The main thrust of the appeal was that the grandmother was denied a fair hearing. She also claimed that Judge McCaffrey also dismissed the application at what was a review hearing, and without hearing from the grandmother, and that the judge did not allow her to test the evidence of the mother and the independent social worker.
In considering the decision of the court, the judge noted that this had been a long, ongoing dispute, and that the evidence on each side “displayed a significant difference of approach between the mother and the grandmother”.
The case had been before the court for over two years, and the relationship between the mother and the grandmother had not changed. As the court noted: “The grandmother did not accept the fact that her son had killed RE and by June 2022 her view had not changed.”
The grandmother stated that she accepted the verdict of the jury. However, the judge noted that this was not a “significant concession”, but merely an incontestable fact.
The real issue, the judge argued, was whether the grandmother accepted that her son killed RE. She did not. Bearing this in mind, the court found that Judge McCaffrey was fully cognisant of this fundamental issue and correctly, as it turned out, had significant doubts about the ability of the grandmother to modify her thinking.
This issue was also the core issue in relation to any future relationship with her grandson. The court emphasised that there were obvious welfare issues for MA, including safeguarding issues, issues concerning developing a narrative for MA, and how contact can be commenced and maintained.

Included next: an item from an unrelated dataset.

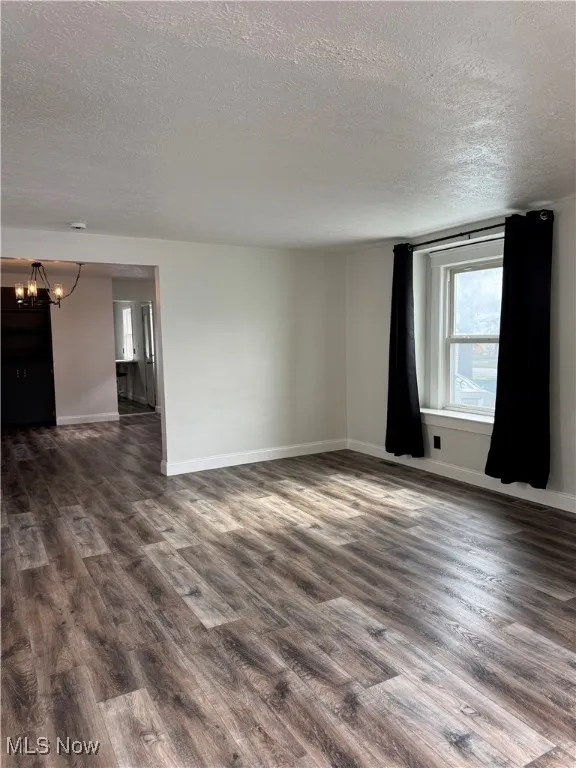 Spare room with a textured ceiling, dark wood-type flooring, and a chandelier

Fundamentally, the judge claimed, there was an issue of the lack of trust between the mother and the grandmother: “The evidence points to the grandmother prioritising her relationship with her son over the relationship with her grandson.”
All of this evidence was available to Judge McCaffrey when she was conducting the review hearing. The court noted that the judge was also bound by the terms of Article 3 of the Children (NI) Order 1995, which provides that the welfare of the child is the paramount consideration.
In all the circumstances, the choices facing Justice McCaffery were further delay, no real change in the attitude of the grandmother, and no likelihood of any change in the near future. Further hearings were likely to be futile.
The judge argued that “the off chance of a genuine change of heart was never going to be in MA’s interest”.
The court noted that in dismissing the application “without prejudice”, Judge McCaffrey was not dismissing the grandmother’s case on the merits, but she was “basically telling the grandmother to reflect on her position and to return to court, if necessary, when she was in a position to prioritise the interests of MA above those of her own son”.
Ultimately, the court did not consider that Judge McCaffrey’s decision was wrong. It was a decision within her discretion, carried out following an appropriate balancing exercise, which had the welfare of MA at its heart.
The court therefore dismissed the grandmother’s appeal.